A Bayesian implementation of the Poisson tree processes (PTP) model for species delimitation.
By Jiajie Zhang 19-02-2014. Questions and bugs report please sent to bestzhangjiajie[at]gmail[dot]com. Before reading the following text, please check: https://github.com/zhangjiajie/SpeciesCounting for latest updates
========================================================================= (0) What's new
I implemented a Markov chain Monte Carlo sampler for the PTP model -
bPTP.py, it can generate posterior probability of species delimitations
on phylogenetic trees. Since I give a flat prior to all possible
delimitations, bPTP.py now replaces the old maximal likelihood search
program PTP.py. bPTP.py searches a much large space and gives Bayesian
support values to delimitations. PTP.py is now used for bootstrap
analysis if you have trees from bootstrap analysis. The new programs
also feature various improvements, such as NEXUS format support,
rooting on outgroups, SVG tree output and code optimizations.

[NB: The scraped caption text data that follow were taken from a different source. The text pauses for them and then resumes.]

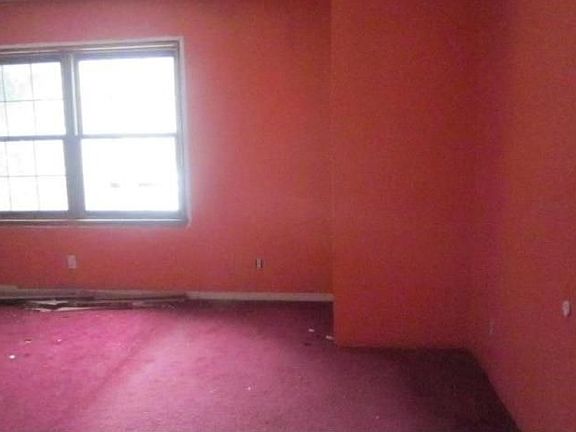 5th image of 2100 W 136th St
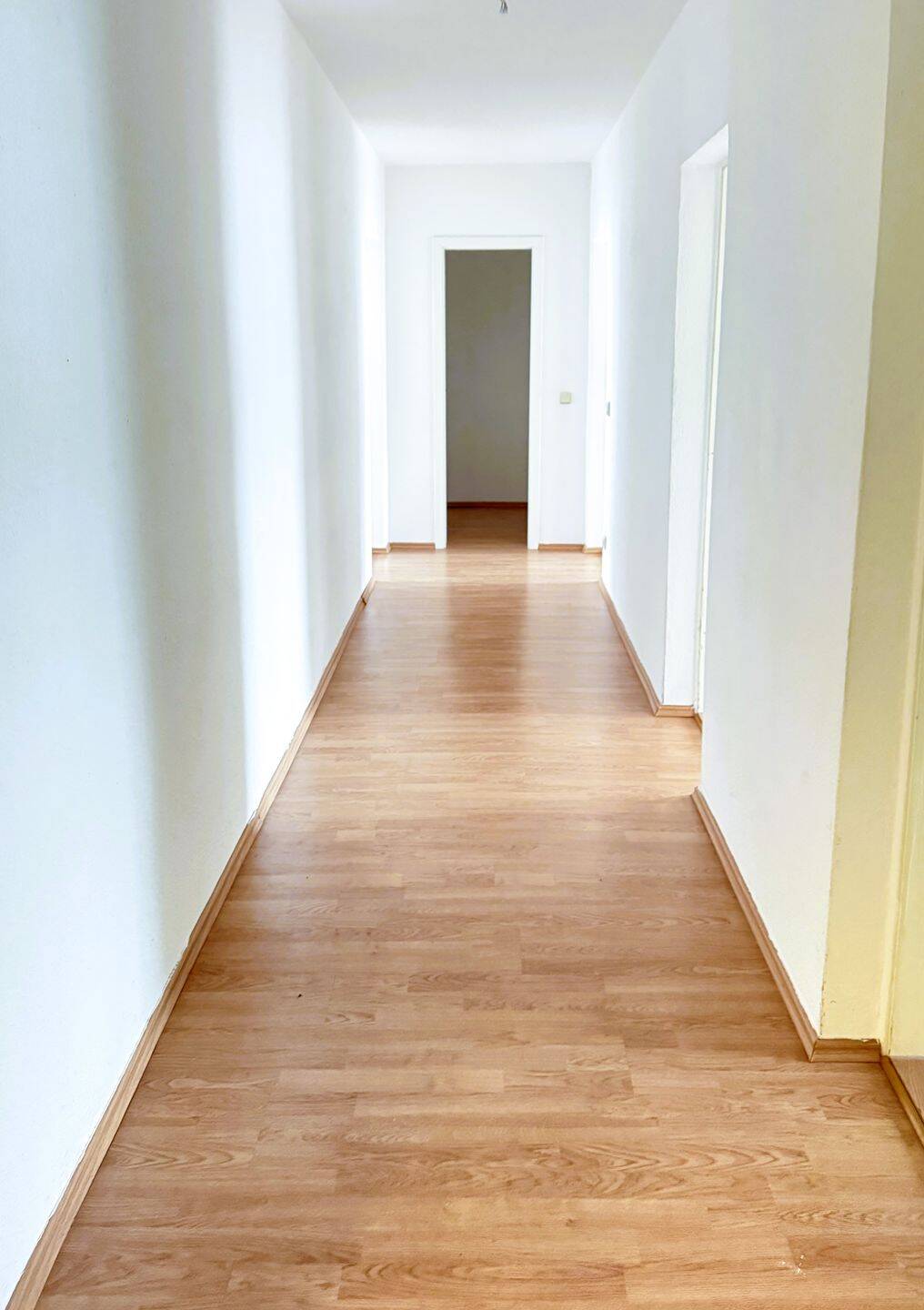 Großzügig geschnitten mit Balkon und Tageslichtbad – Magdeburg – Vorschaubild 2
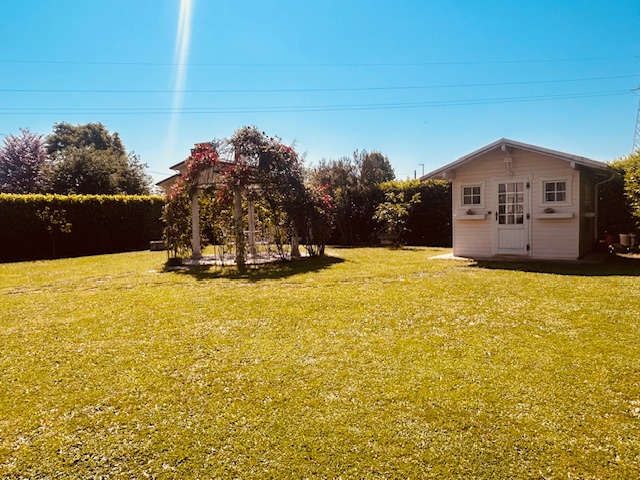 L'agenzia Iris propone in vendita una splendida casa singola situata nel tranquillo comune di Cas...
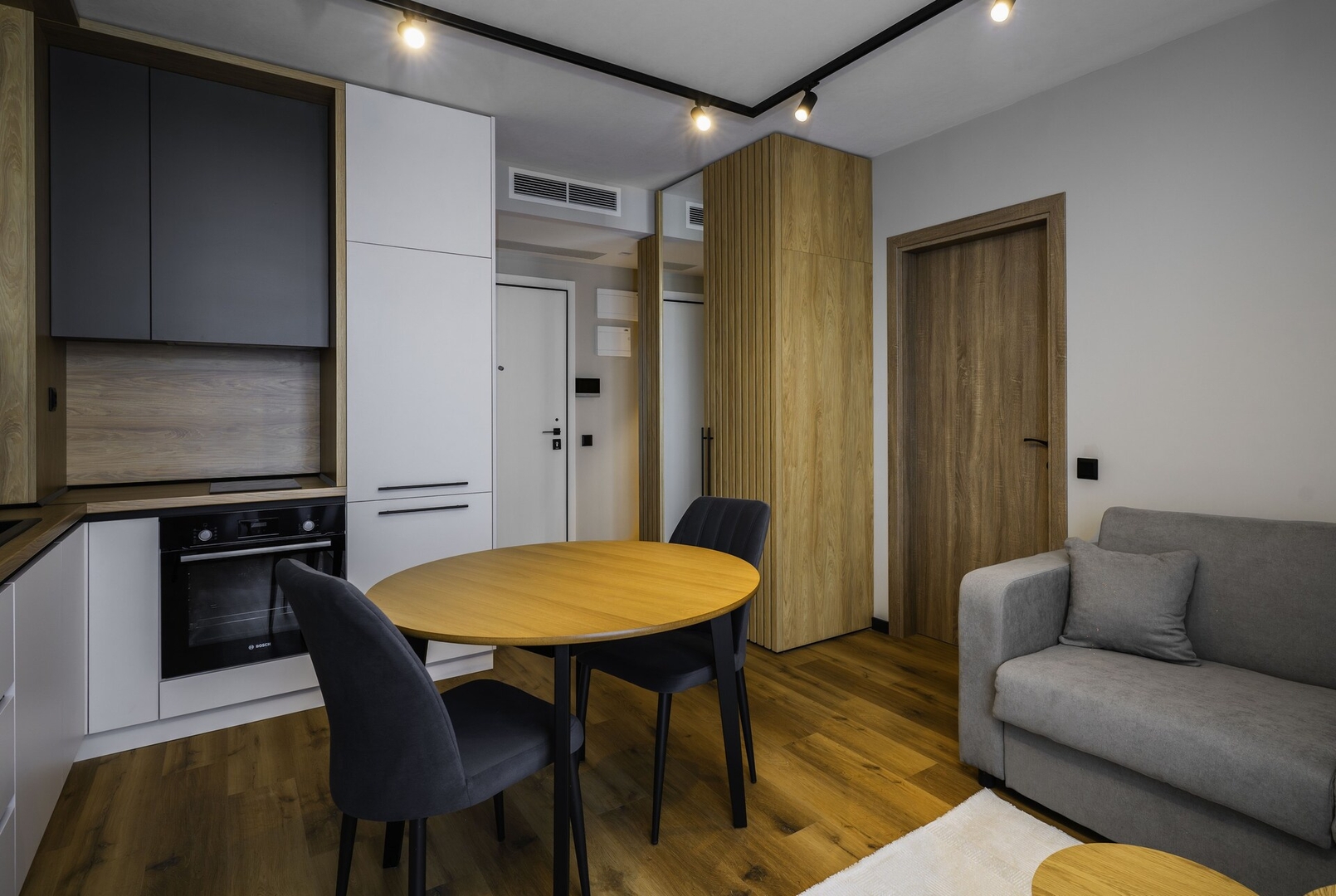 Aviva Living - 1BD Apartment 5 Flat Manager Booking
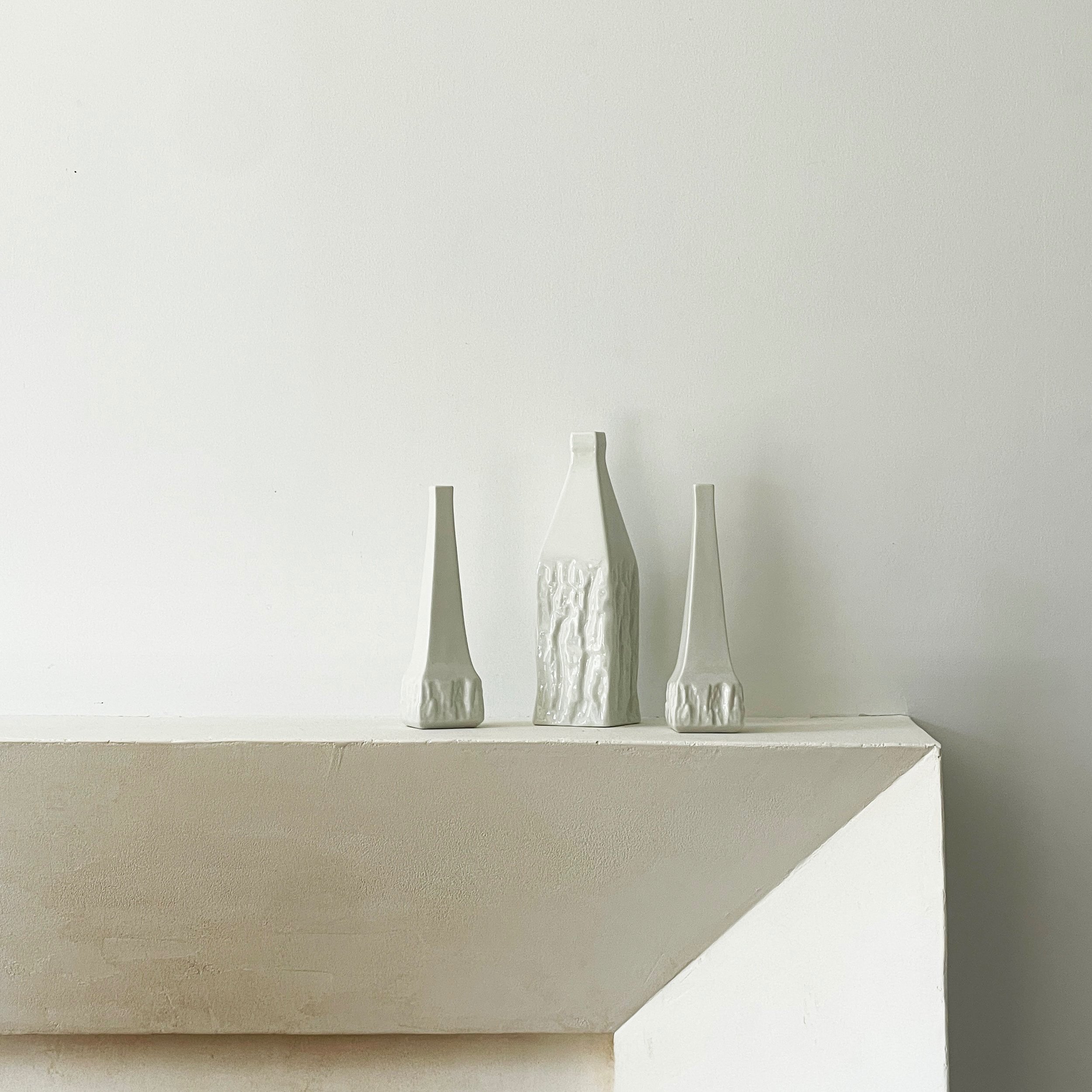 MATERI%28A%29NTIQUES+SET+OF+2+SMALL+AND+ONE+MEDIUM+GERMAN+PORCELAIN+SQUARE+BUD+VASES%284%29.jpg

(1) What's in the package?
This package contains several programs written in Python that can give
species delimitation hypothesis based on a gene trees inferred from
molecular sequences. We introduce a new model called Poisson tree
processes(PTP) model. In PTP, we model speciations or branching events
in terms of number of mutations. So it only requires a phylogenetic
input tree, for example the output of RAxML. To be more clear, the
branch lengths should represent number of mutations. Our numerous tests
show PTP outperforms GMYC. Furthermore, PTP is much easier to use,
since it can use the phylogenetic tree directly without needing the
difficult and error prone procedures of time calibration required by
GMYC.
bPTP.py A Bayesian implementation of the PTP model for species
delimitation. It uses a Markov chain Monte Carlo sampler
to produce posterior probability of species delimitations
on phylogenetic trees. bPTP.py can work both on a single
phylogenetic tree, and multiple trees from Bayesian
phylogenetic analysis. Using trees from Bayesian phylogenetic
analysis can account for uncertainties in phylogenetics
inference, but with the cost of much longer run time.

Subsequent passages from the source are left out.